Heat Exchanger – Shell and Tube Heat Exchanger Explanation

Heat exchangers transfer heat between hot and cold fluids using a metal wall. They work by conduction and forced convection. There are several types used by plants and refineries:

1. Shell and tube heat exchangers: Hot and cold fluids flow through tubes inside a shell. Heat transfers through the tube walls.
2. Air-cooled heat exchangers: These use air to cool hot fluids. Fins or tubes are exposed to air flow, cooling the fluid inside.
3. Double-pipe heat exchangers: Consist of two concentric pipes. One carries hot fluid, and the other carries cold. Heat transfers between them.
4. Plate-and-frame heat exchangers: Consist of plates with fluid passages. Hot and cold fluids flow in alternating channels, transferring heat through the plates.

Cooling towers and process furnaces are other types of heat transfer equipment used by industries, but they’re not discussed here. Cooling towers cool water through evaporation, while process furnaces transfer heat via radiation.

TEMA-Type Shell and Tube Heat Exchangers.

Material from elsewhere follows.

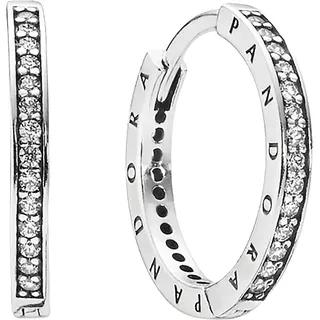 Pandora Creolen 290558CZ Silber 925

A shell and tube heat exchanger is a common type of heat exchanger used in industrial settings. It consists of a metal shell enclosing a set of tubes arranged in parallel. One fluid, called the tubeside fluid, flows inside the tubes, while the other fluid, called the shellside fluid, flows outside the tubes within the shell. Both the shell and the tubes are designed to withstand specific pressures.

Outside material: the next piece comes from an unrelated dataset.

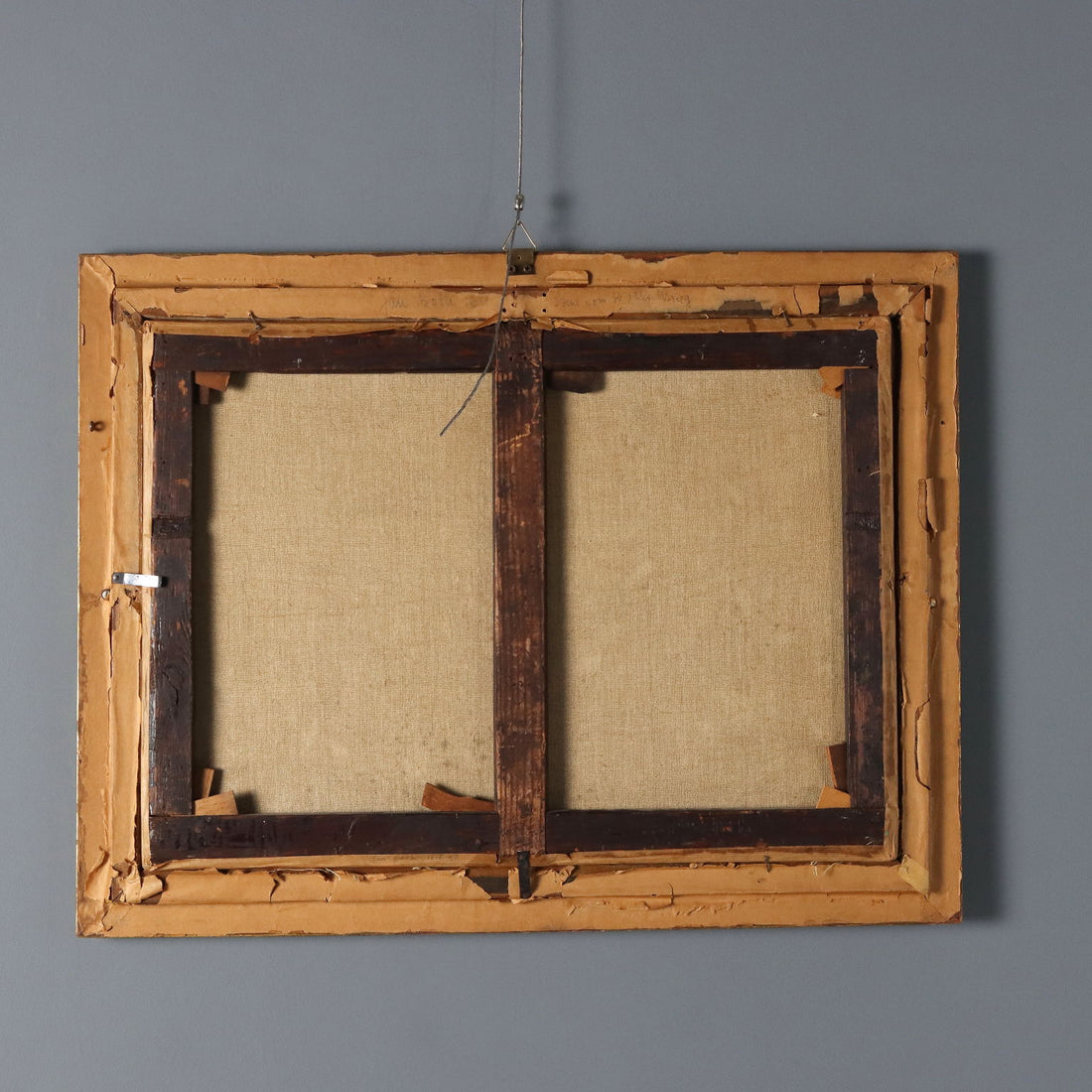  | Art  Antique Painting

TEMA, which stands for the Tubular Exchanger Manufacturers Association, is an association of companies that manufacture these types of heat exchangers. They have developed engineering standards that govern the design of shell and tube heat exchangers, ensuring they meet specific requirements for efficiency, safety, and durability. When a heat exchanger is referred to as a “TEMA-type shell and tube heat exchanger,” it means it’s designed according to TEMA standards.

Design Standards.

Heat exchangers, including shell and tube types, are typically constructed in accordance with pressure vessel codes to ensure their safety and reliability. Most plants and refineries adhere to American standards and mandates compliance with the American Society of Mechanical Engineers (ASME) Boiler and Pressure Vessel Code, Section VIII, Division 1 or 2. This alignment with ASME standards guarantees that equipment undergoes rigorous design, fabrication, inspection, and testing processes according to widely accepted industry norms.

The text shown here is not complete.